As so often in history, what an invasion meant in this case was an influx of refugees, even though no one knew what had motivated them to leave their former homeland. Greek history is peppered with allusions to population movements, even though they never made the headlines.
This is a transcript from the video series The Other Side of History: Daily Life in the Ancient World. Watch it now, on The Great Courses Plus.
There were moments in Greek history when the population movements reached a peak. One such peak was in the late 8th to 6th centuries B.C., called the colonization movement or the refugee movement. It’s a period of Greek history that has been well-studied, but it’s generally looked at from the point of view of Greek expansion across the Mediterranean and the Black Sea region, and not as a human dilemma.
From the late 8th century onwards, Greece was no longer able to support its population due to famine and demographic growth. Additionally, it had always been a poor country agriculturally. Even in Mycenaean times, it was unable to support its population. As a result of both famine and demographic growth, the Greek city-states sent out small expeditions to find new settlements throughout the Mediterranean and Black Sea regions.
Learn more about the origins of slavery in ancient Greece.
Decision to Migrate
The beginning of famine started taking its toll on each city-state, with a shortfall of food for two-three years leading to exhaustion of all the supplies. A meeting of the citizen body was held where a vote was called and the majority decision was that some of the population had to emigrate. Due to starvation, there was no alternative.
Volunteers were called, and if enough people didn’t step forward, then others were conscripted. The fear of starvation and the prospect of a better life induced many to enlist. According to inscriptions, the settlers went out, ‘on equal and fair terms’, meaning that all social distinctions were abolished once they set forth from their homeland.
Selection Criteria to Migrate
The likely candidates for the enterprise were poor, who were affected the most and volunteered in the largest number. However they were not the ones who were selected in the largest numbers because they needed to be physically fit and in their prime. Men, especially single, were more likely to be mentally resilient in such an enterprise. So unmarried men and widowers formed the majority.
Women and children did not participate, at least not in the initial shipload, which was a contingent of about 200 men on average. Once a settlement was successfully established, subsequent shiploads would set out from the mother-city. There is no record whether the eligible young women followed the pioneers or did the pioneers chiefly marry the local women.

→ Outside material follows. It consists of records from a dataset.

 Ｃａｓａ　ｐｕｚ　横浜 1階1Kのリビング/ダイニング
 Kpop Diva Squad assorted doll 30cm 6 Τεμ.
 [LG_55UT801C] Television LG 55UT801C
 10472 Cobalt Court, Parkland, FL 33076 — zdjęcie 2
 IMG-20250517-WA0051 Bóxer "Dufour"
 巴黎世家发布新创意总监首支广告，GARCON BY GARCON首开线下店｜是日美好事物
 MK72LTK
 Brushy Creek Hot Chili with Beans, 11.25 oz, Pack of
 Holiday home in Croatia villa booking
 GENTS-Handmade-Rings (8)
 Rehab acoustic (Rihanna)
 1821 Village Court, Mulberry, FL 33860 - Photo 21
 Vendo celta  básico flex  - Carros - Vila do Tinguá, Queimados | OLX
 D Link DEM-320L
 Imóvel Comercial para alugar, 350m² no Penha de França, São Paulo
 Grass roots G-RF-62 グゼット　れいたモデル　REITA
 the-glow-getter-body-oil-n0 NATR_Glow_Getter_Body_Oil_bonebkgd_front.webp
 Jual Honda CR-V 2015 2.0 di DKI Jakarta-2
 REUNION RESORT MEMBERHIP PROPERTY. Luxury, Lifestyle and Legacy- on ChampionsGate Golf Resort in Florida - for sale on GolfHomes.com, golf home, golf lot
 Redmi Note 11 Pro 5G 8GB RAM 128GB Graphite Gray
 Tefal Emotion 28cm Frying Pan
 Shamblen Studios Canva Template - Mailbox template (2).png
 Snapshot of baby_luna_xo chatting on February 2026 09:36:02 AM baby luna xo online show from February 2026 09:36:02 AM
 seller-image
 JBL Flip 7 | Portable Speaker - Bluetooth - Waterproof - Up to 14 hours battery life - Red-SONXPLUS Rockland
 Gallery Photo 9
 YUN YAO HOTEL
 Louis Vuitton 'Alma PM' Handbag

Oikistês: The Decision Maker
The decision whom to take as pioneers rested with the leader of the expedition, called an oikistês. Oikistês was derived from the Greek word for a family or a home, oikos or oikia, because the purpose was to find a new home. The oikistés was an aristocrat because only those were thought worthy of leadership in such an enterprise. There were a fair number of aristocrats who signed up, including younger sons who didn’t stand to inherit much, or others who simply had a taste for adventure.
Common Questions about Greek Refugees
From the late eighth century onwards, Greece was no longer able to support its population due to famine and demographic growth. As a result, the Greek city-states sent out small expeditions to find new settlements throughout the Mediterranean and Black Sea regions.
The Dorians were the people who swept down through northern Greece and settled in the Peloponnese and elsewhere. The earliest event in Greek history according to the Greeks was the Dorian Invasion.